--- Material provided Enclosed Below ---
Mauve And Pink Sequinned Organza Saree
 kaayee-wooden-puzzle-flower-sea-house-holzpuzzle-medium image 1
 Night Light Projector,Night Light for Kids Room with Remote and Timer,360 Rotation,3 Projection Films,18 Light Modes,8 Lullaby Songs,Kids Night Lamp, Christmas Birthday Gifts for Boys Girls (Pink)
--- End of Enclosed Material provided ---
◆ Action item
Output the whole listing above again, word for word.

◆ Response
Mauve And Pink Sequinned Organza Saree
 kaayee-wooden-puzzle-flower-sea-house-holzpuzzle-medium image 1
 Night Light Projector,Night Light for Kids Room with Remote and Timer,360 Rotation,3 Projection Films,18 Light Modes,8 Lullaby Songs,Kids Night Lamp, Christmas Birthday Gifts for Boys Girls (Pink)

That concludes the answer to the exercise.